综上所述,苏、张二人“以诗为词’,“变言情为言志”,用词表达抗金复国、收复失地、救国济世之志,抒发个人情感体验和建功立业、报效国家的远大政治理想;二人变为娱宾遣兴而写词,强调词作关心社会治乱、弘扬民族精神、救国济世的社会作用,把这种经常用在歌舞宴席上的歌咏相思离别、儿女情长、离愁别恨、男欢女爱的曲子词,变为抒写文人士大夫的道德情操、表现报国安民、议论古今的工具。
但是,苏、张二人由于出生年代以及所处的时代背景有着较大的差异,人生经历及生活环境的差异,加之两个人的性格也是各有千秋,因此,二人在词的创作目的上也是各具特色。从这个层面上讲,张孝祥词总体上具有过渡性的特点。概况地说,苏轼生活在北宋繁荣富强的时代,是个百姓安居乐业,政治、经济、文化、科技都比较发达的“升平时代”。所以,包括苏轼在内的文人士大夫,这时期的词或多或少存在一定的社会忧患意识,但总体而言,他们的情感指向主要还是偏重于个人人生理想抱负,其反映的主题一般就是希望得到朝廷的重用、建功立业和这种理想难以实现的自我苦闷。苏轼本人受佛、道思想影响较深,加之豁达开朗的性格,所以,尽管他的有些词作有些愤世嫉俗,但这一切又都是在词人的掌握之中。例如:他在写《水调歌头·明月几时有》这首词时,虽然遗憾在月圆之夜没能和家人团圆,但却能从美好的月色中得到安慰,深刻领悟到“月有阴晴圆缺,人有悲欢离合,此事古难全”的人生道理。到了张孝祥的时代,“靖康”乱起,金人南侵,民族矛盾十分尖锐,而统治者却又苟且偷生、腐朽不思进取。因而,救亡图存,收复失地,恢复民族尊严成为当时时代的主旋律。相比较而言,张词比苏词更增添了一股悲愤之情、忠愤之气。如他的《水调歌头·和庞佑父》:
雪洗虏尘静,风约楚云留。何人为写悲壮,吹角古城楼。湖海平生豪气,关塞如今风景,剪烛看吴钩。剩喜然犀处,骇浪与天浮。忆当年,周与谢,富春秋,小乔初嫁,香囊未解,勋业故优游。赤壁矶头落照,肥水桥边衰草,渺渺唤人愁。我欲乘风去,击楫誓中流。

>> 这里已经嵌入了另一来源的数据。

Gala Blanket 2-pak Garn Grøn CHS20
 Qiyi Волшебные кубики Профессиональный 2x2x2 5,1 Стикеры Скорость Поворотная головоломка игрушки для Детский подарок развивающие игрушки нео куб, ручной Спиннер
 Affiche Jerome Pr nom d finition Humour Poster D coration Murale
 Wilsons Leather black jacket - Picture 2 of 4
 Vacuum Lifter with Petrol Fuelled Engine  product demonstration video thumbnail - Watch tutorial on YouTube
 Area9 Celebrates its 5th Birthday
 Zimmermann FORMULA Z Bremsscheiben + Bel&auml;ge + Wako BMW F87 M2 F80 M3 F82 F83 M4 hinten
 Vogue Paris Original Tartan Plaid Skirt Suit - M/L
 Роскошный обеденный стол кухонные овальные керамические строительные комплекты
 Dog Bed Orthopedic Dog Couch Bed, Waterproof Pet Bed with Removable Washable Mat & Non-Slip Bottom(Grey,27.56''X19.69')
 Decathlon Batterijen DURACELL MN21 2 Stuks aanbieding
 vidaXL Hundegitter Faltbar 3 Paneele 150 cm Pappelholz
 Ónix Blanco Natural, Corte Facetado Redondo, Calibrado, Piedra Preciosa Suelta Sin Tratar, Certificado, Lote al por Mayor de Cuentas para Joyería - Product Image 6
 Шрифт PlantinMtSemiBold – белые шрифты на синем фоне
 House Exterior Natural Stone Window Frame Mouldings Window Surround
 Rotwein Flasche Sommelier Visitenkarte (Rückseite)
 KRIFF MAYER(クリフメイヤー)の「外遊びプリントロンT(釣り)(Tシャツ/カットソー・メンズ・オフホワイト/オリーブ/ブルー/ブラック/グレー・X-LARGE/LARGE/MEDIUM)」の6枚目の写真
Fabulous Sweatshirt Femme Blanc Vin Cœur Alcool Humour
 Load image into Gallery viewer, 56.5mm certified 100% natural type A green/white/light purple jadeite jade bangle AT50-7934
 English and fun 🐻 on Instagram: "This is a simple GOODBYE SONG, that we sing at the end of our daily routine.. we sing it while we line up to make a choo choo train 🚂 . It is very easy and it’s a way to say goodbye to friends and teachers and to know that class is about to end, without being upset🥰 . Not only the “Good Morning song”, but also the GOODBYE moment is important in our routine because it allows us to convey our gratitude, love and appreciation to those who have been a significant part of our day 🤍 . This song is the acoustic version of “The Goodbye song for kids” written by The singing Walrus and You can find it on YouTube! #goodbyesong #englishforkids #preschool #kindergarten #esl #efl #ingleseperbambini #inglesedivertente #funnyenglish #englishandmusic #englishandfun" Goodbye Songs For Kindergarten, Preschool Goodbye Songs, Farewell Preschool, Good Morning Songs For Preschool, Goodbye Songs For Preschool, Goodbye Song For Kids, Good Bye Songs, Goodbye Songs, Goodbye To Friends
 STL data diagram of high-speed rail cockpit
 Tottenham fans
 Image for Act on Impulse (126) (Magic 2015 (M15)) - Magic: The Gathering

“雪洗”两个字酣畅淋漓地描写了宋军大败金兵的浩荡声势和豪迈军威。通过描述烛下看刀、登高远望,生动地表现了词人的豪迈情怀。一句“骇浪与天浮”再现了这场战争的场面之惊心动魄,声势之雄壮。下阕主要描写了谢与周两人的英雄气度,用“击楫”、“乘风”作结,音量高亢,豪情万丈。相比较苏轼词,张孝祥词与当时“时事政治”的联系更加密切、斗争目标更加明确,矛头直接对准无恶不作的金人。消灭金兵不仅关系朝廷的主权与尊严,也关系南宋的国防安全,与之相对应的,苏轼在其《密州出猎》中的“西北望,射天狼”尽管也想用武力打击辽和西夏,但纵观整首词,作者想要表达的主要用意,还是希望能得到皇帝的重用——假如有这样的机会“我”一定能为国杀敌,报效国家,建功立业的。苏轼在《念奴娇·赤壁怀古》中十分羡慕周瑜的少年得志、意气风发,感叹“人生如梦,早生华发”,这实际上是叹息自己没能像周瑜那样有天赐良机来建功立业,干出一番轰轰烈烈的事业,这也是作者对自己在政治上怀才不遇、壮志难酬、无所作为的忧愁。文人士大夫——无论是哪一个时代、哪一个时期的士大夫,他们都希望自己能建功立业、报效国家,作出一番轰轰烈烈的事业。由此可见,张词中所表现的社会忧患和悲愤意识比苏词要深得多、重得多。
参考文献:
[1][清]刘熙载撰.艺概·词概[A].唐圭璋编.词话丛编[C].北京:中华书局,1986:3689.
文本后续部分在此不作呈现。